══ Source information ══

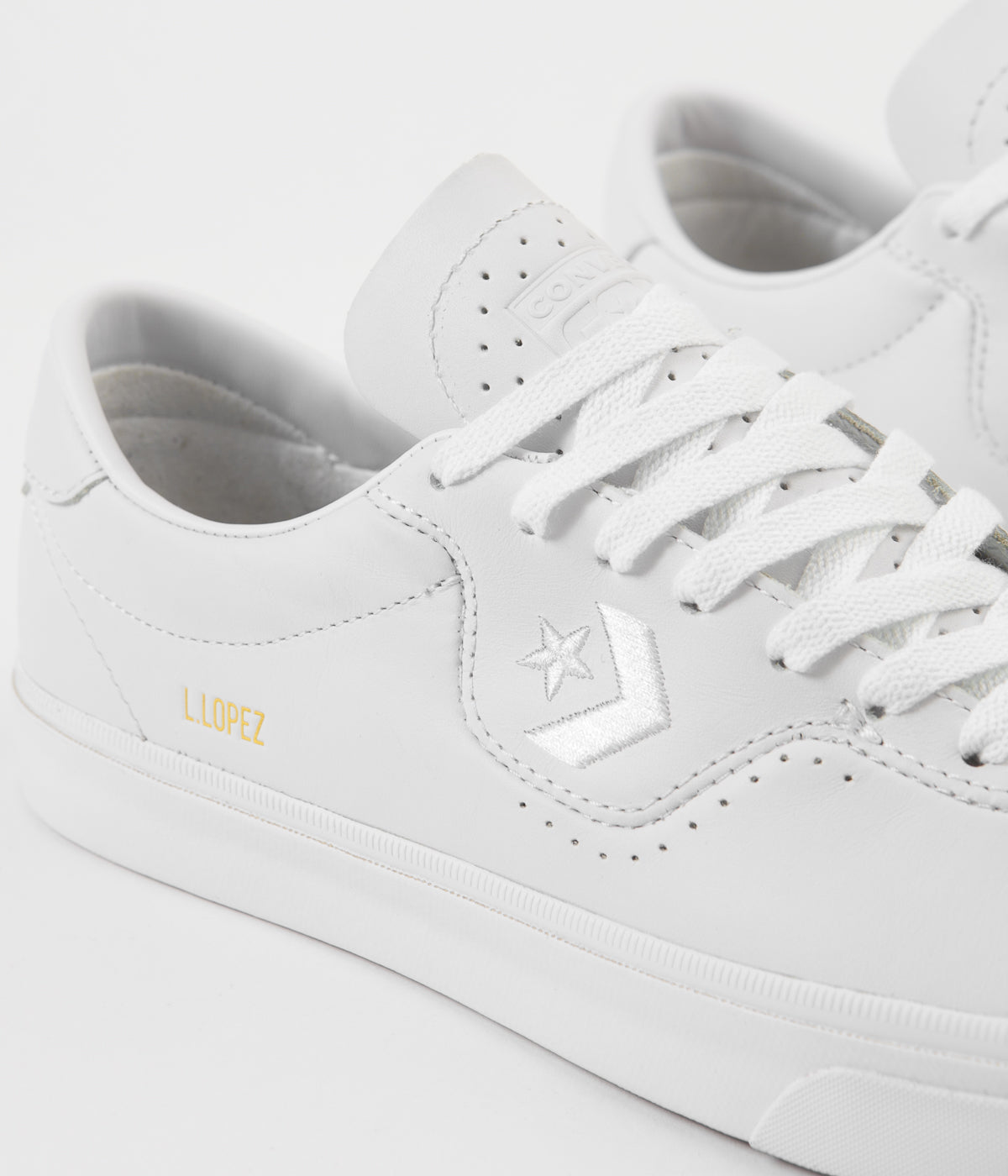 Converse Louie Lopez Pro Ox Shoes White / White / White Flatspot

═══
══ Source information ══

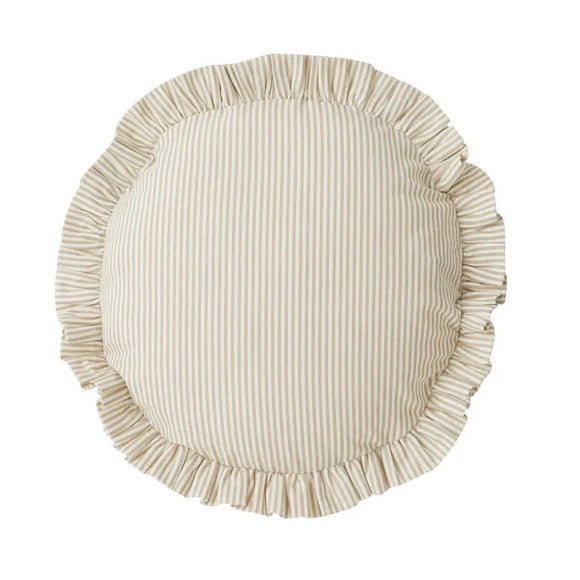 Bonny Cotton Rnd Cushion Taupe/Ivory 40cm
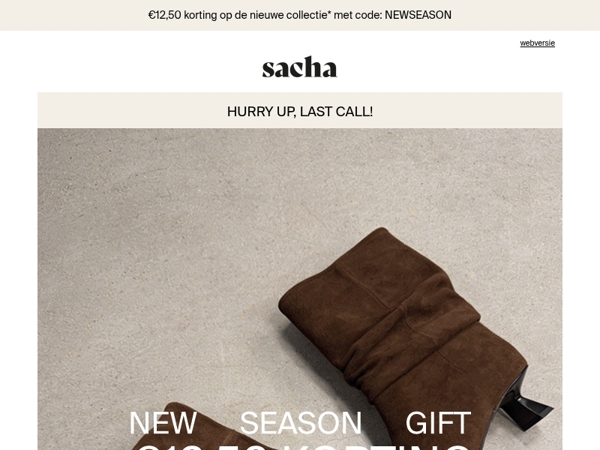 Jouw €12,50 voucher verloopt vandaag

═══
══ Source information ══

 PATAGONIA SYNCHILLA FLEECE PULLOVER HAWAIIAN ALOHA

═══

Exercise goal
Above are the records. Copy only the lines from the one with "Bonny Cotton Rnd Cushion Taupe/Ivory 40cm" through the one with "Jouw €12,50 voucher verloopt vandaag", exactly, with no pictures.

Task answer
 Bonny Cotton Rnd Cushion Taupe/Ivory 40cm
 Jouw €12,50 voucher verloopt vandaag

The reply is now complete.